The manager of the Hotel Unidos wasn't Lurch, but he had about the same demeanor.  He didn't really speak, but his sad grumbling often seemed like words.  The cost was R$/70, and the hotel had large rooms, AC, Internet (via cable, which they supplied), hot water, and a secure garage.  It was more than I wanted to pay for a hotel that I might be staying at for several days or a week, but the garage would make a nice work area.

Just so Don will be happy, I would describe the bathroom as very nice, with only a couple goofy things about it.  Such as the fluorescent light that flickers constantly, so it's like showering during a movie's battle scene.

After showering and getting settled in the room, I spread some wet laundry around and booted up the laptop.  For whatever reason, I couldn't get the Internet connection working.  Usually, when you plug in a live Internet cable, the connection pops up and that is that.  This time, the computer showed nothing at all.  Maybe the cable was faulty.

I wrote for a while and lazed a bit.  When I went down to ask about the Internet connection, one of the younger employees was there.  He assured me that the Internet connection would be repaired tonight.

On a whim, I asked him if there were restaurants in the area, and he handed me a map of the downtown area that had touristy sites marked on it.  He seemed to be directing me to the dockyard area, so that's where I went.  I wanted to get off the main roadway, so I walked through some dodgy neighborhoods that I would not recommend others try.  Honestly, I felt fine doing so, and being down here for a while has changed my comfort level about such areas.  Not that I was being naive or foolish, mind you--it was just that I enjoyed the local color and atmosphere more than I enjoyed the well-lit commercial zones.

When I got to the revamped dockyards, I noticed a lot of nice cars in the parking lot.  Private security guards were giving the eyeball to all the people who came through the gates.  There was a very large wedding reception taking place in one of the buildings' event center, and hundreds of people were pouring into the area wearing fine suits and formal dresses.  Big money at that wedding, to be sure.

Further down, there were some pubs and food booths, but most things were closed at that hour.  I walked out of the revitalized dock area and through the closed fish market.  Men were sleeping on the ground, either on cardboard or on the pavement.  Dogs were doing the same.

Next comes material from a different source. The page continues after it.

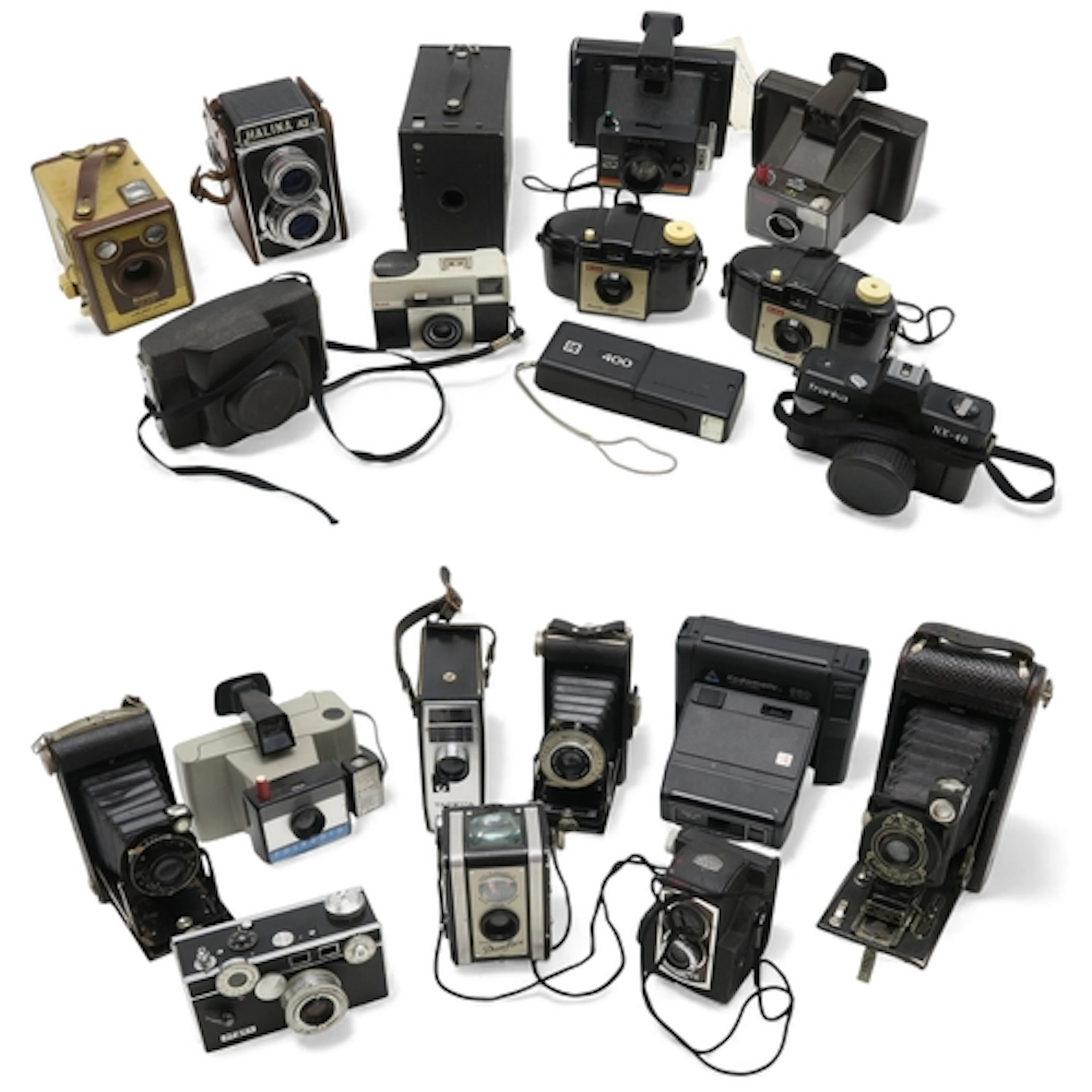 A a very large collection of vintage cameras, to include Hal...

It was a warm night, and it didn't feel like rain was looming, so I just kept walking.  I had gone out without my camera, so I missed some nice photos, but I'll go down there again.

Eventually, I worked my way back toward the hotel, and ate at a vendor's trailer on the sidewalk.  It was rice and steak.  It was cheap.  It was edible, but only if you were serious about it.  I was, so I ate it.  Half the steak was gristle.  The food was $2, so who are you going to complain to?  I had two cans of beer, just to make the meal worth the trouble.  The first can of Skol was semi-frozen, which was nice to hold against my forehead and temples.  By the time I got to the second one, it had thawed out, but was still very cold.  Another two bucks well spent.

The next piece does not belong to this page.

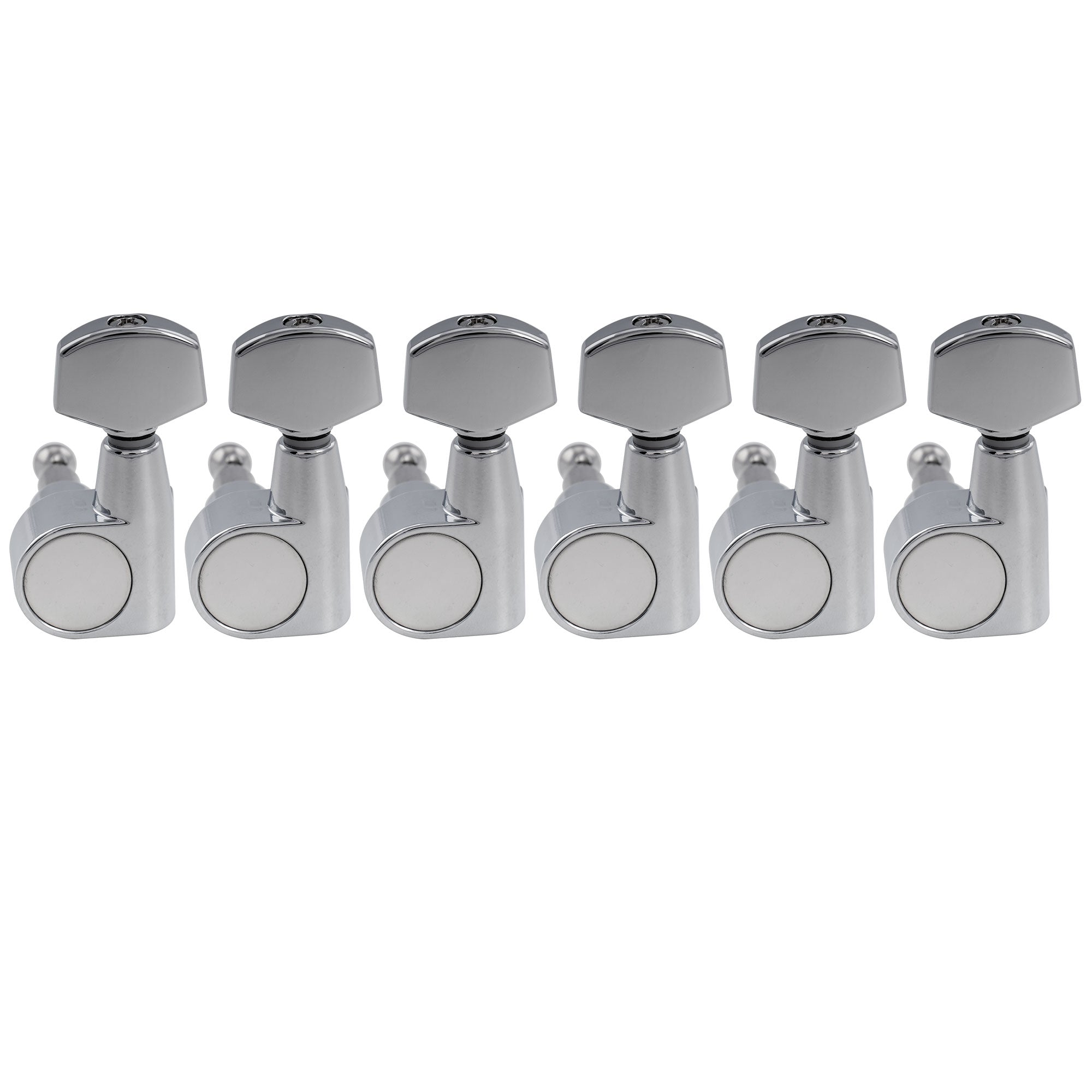 Musiclily Pro R18T-25 Juego de clavijeros para zurdos, 6 en línea, relación 18:1, 2 pines, totalmente sellados, afinadores y clavijas con botón hexagonal para guitarra eléctrica estilo Squier Strat Tele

Back in my hotel room, I checked and saw that the Internet connection was still dead.  If it's still dead tomorrow, I might go looking for another hotel.

I wrote until midnight.  The air-conditioner was very efficient.

Brrrr.

(It was wonderful.) 

 

 

Sunday, 8 March, 2009
-------------------------

I woke early, woke again a bit later, and then woke again at 08:45.  Don't know why I wasn't sleeping well.  I did turn off the over-achieving air-conditioner, so that helped a bit, but the room started warming up too fast to laze around much longer.

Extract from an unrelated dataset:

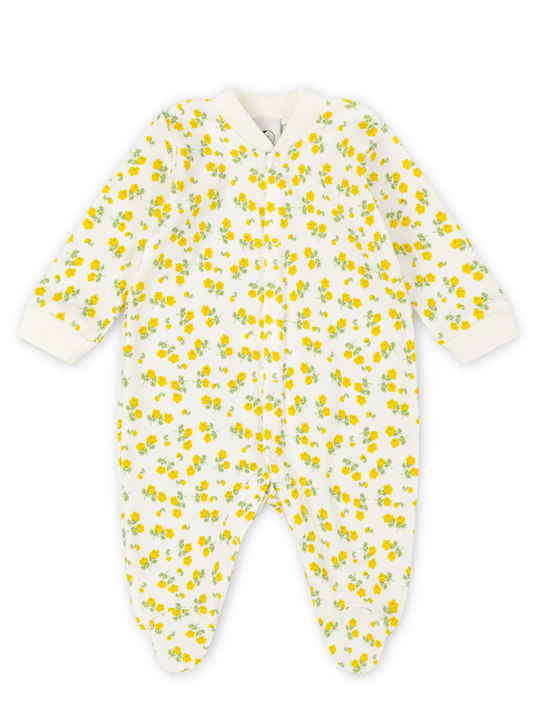 BABY SLEEPSUIT | TEA FLORAL YELLOW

Breakfast was very good.  Several types of cakes and breads, small finger-foods with meat in them, other usual stuff.  At the last few hotel I've stayed in, the furniture has been made of very heavy wood.  The chairs are heavy enough that they are hard to move around.  Must be Ipe or some other tropical hardwood.  Wrong grain texture to be teak.

The Internet connection worked for about 30 seconds, but wouldn't come up again.  I got the desk clerk to let me try another cable, but after that failed, they let me move to another next room where the Internet connection came up right away.  I was able to get a ride report update done and handle all email and forum duties.

I had an extra hinge piece for my helmet, so I got that fixed as well.  Then I got other things sorted out and did some computer maintenance such as software updates and I started a hard drive backup.  I use a program called Casper to backup my hard drive, and for some reason it didn't like my portable drive anymore.  I had to stop Casper and start it again, then I noticed (several hours later) that it had locked up.  I'll try again later.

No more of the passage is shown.